The england flag will do till i can find a union jack cheap at a car boot, but for 25p i couldn't say no


----------



## Nigelnightmare (27 May 2018)

m6mal said:


> The england flag will do till i can find a union jack cheap at a car boot, but for 25p i couldn't say no



My dear chap, it's called the union "flag" unless flown on a boat/ship whereupon it is then called the Union "Jack"(naval terminology).

Just don't fly it upside down as it's still classed as "treason".


----------



## classic33 (27 May 2018)

Nigelnightmare said:


> My dear chap, it's called the union "flag" unless flown on a boat/ship whereupon it is then called the Union "Jack"(naval terminology).
> *
> Just don't fly it upside down as it's still classed as "treason".*


Or a distress signal.


----------



## m6mal (27 May 2018)

I have never in 60 years heard it called the union flag, i have always known it as the union jack and have heard others do the same including the media, also i just put union flag in the search section on ebay and google and it came up with union jack.
Also the claim that the term Union Jack properly refers only to naval usage has been disputed, following historical investigations by the Flag Institute in 2013
https://www.flagmakers.co.uk/wp-content/uploads/Union-Jack-or-Union-Flag.pdf

I do know about the correct way up though


----------



## Drago (27 May 2018)

We always called it the union flag in the Army, on pain of getting slapped.


----------



## Gasman (29 May 2018)

Where I come from we call it 'The Butcher's Apron'.


----------



## m6mal (29 May 2018)

Gasman said:


> Where I come from we call it 'The Butcher's Apron'.



It is indeed known as "the butchers apron" by the countries we coloized in the 16/17/18th centuries some 57 countries, probably that is why we are Great Britain.........


----------



## plantfit (30 May 2018)

My array of flags on the Trice Q26, top,Ice reflective flagthen flag of St Gearge then Union flag and finally the Jolly Roger, all found on the roadside when out riding (on seperate occasions)

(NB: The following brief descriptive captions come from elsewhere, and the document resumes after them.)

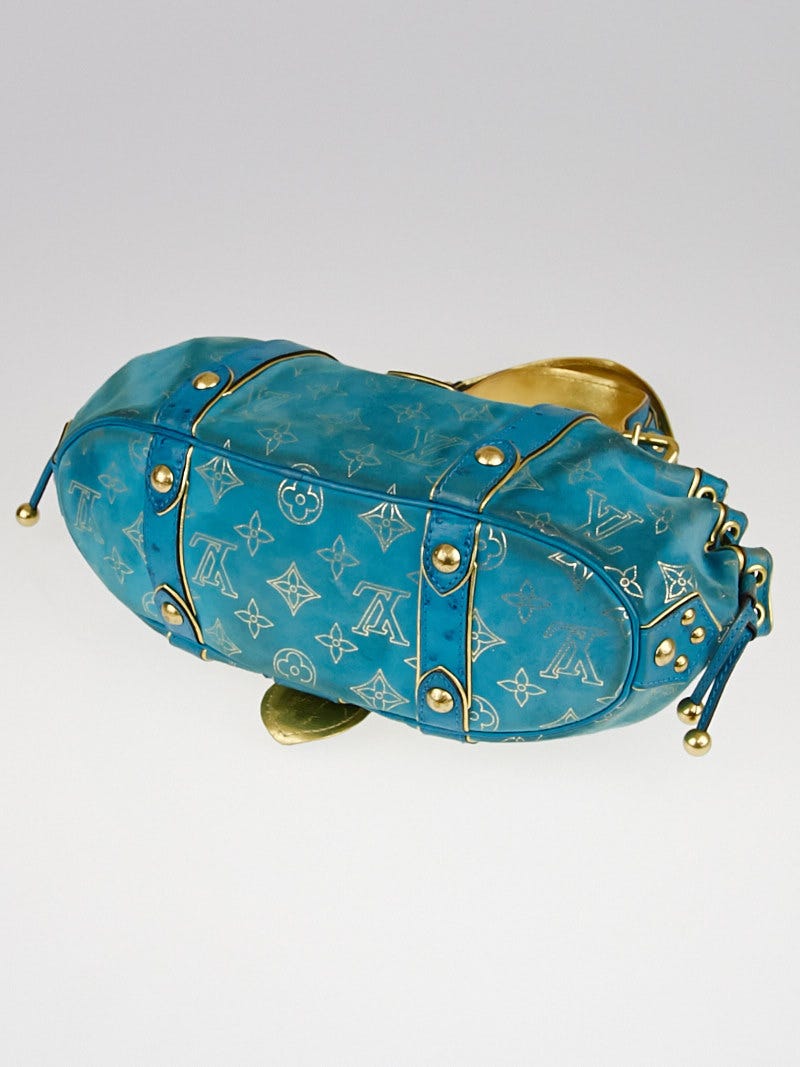 Louis Vuitton Limited Edition Turquoise Monogram Suede Ostrich Theda GM Bag  - Yoogi's Closet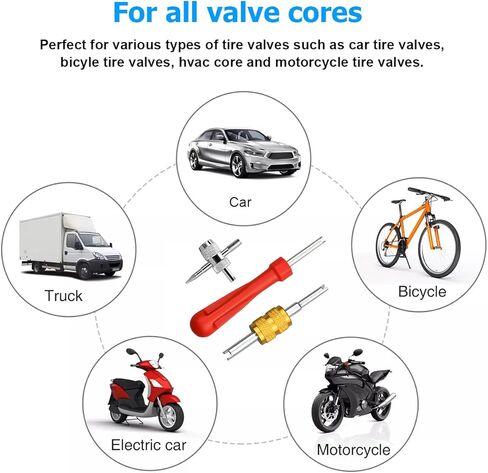 Car Tire Valve Stem Removal Tool, Multifunction Vehicle Wheel Air Stem Remover Installation Tool with 20 Valve Cores and 10 Caps, Automotive Tires Repair Accessories, Universal Fit in Saudi Arabia
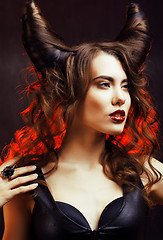 Image showing bright mysterious woman with horn hair, halloween celebration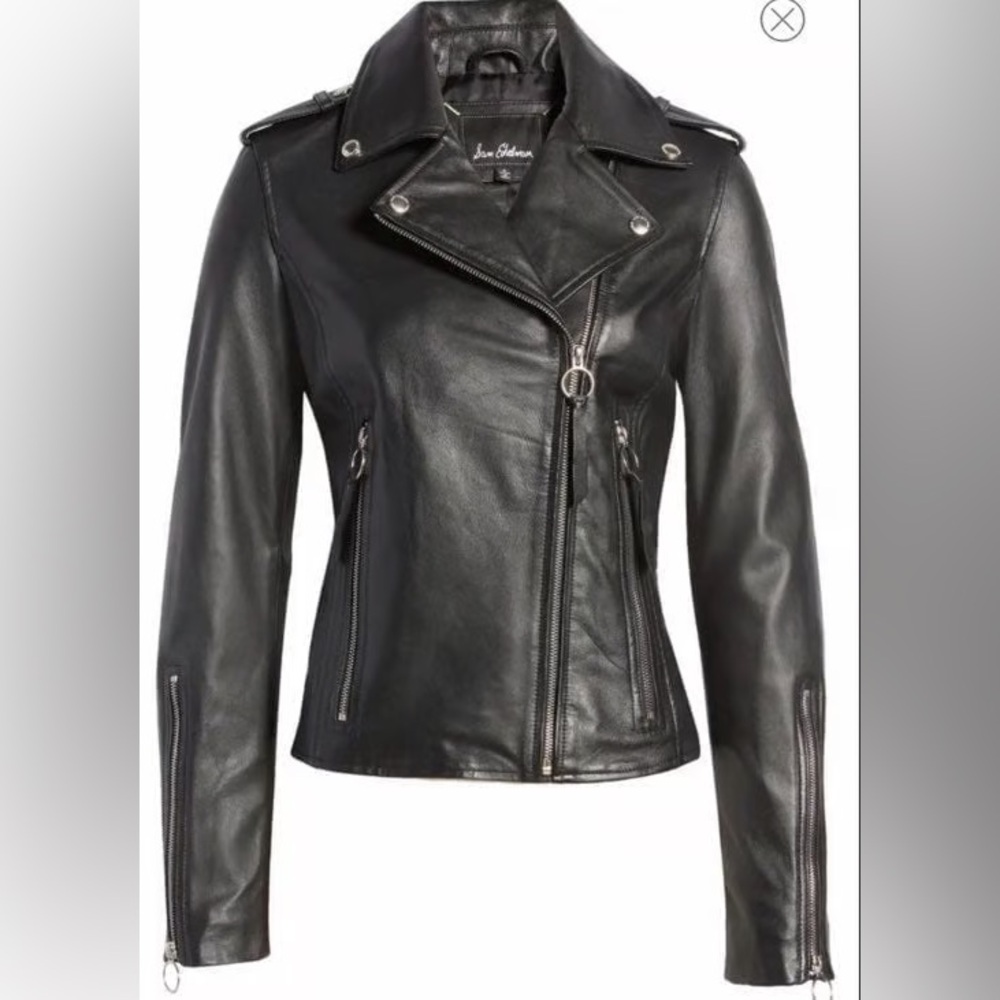 NWOT Sam Edelman Black Leather Biker Jacket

But I have now reverted back to just one flag ( A quarry safe flag)


----------



## MontyVeda (30 May 2018)

Nigelnightmare said:


> My dear chap, it's called the union "flag" unless flown on a boat/ship whereupon it is then called the Union "Jack"(naval terminology).
> 
> ...



I think popular usage (that what defines our language) means that union 'jack' has been acceptable when not on a boat for many many years.


----------



## m6mal (30 May 2018)

I think the union jacks will be back in the shops due to the world cup hopefully, i have been given a plastic hand waving union jack incase i cannot get a cloth one, so i may have to make do with it.


----------



## classic33 (30 May 2018)

m6mal said:


> I think the union jacks will be back in the shops due to the world cup hopefully, i have been given a plastic hand waving union jack incase i cannot get a cloth one, so i may have to make do with it.


What size cloth one?


----------



## Smokin Joe (30 May 2018)

plantfit said:


> My array of flags on the Trice Q26, top,Ice reflective flagthen flag of St Gearge then Union flag and finally the Jolly Roger, all found on the roadside when out riding (on seperate occasions)
> 
> View attachment 411817
> 
> ...


Where did you get those mirrors? I have bar end shifters like you and those would suit.


----------



## m6mal (30 May 2018)

classic33 said:


> What size cloth one?








Something around 8" x 16" or 12" X 18" those sizes, or anything that will fit under my safety flag


----------



## classic33 (30 May 2018)

m6mal said:


> Something around 8" x 16" or 12" X 18" those sizes, or anything that will fit under my safety flag


I'll check and let you know.
It'll be tomorrow before I'll be able to check.


----------



## cosmicbike (30 May 2018)

Smokin Joe said:


> Where did you get those mirrors? I have bar end shifters like you and those would suit.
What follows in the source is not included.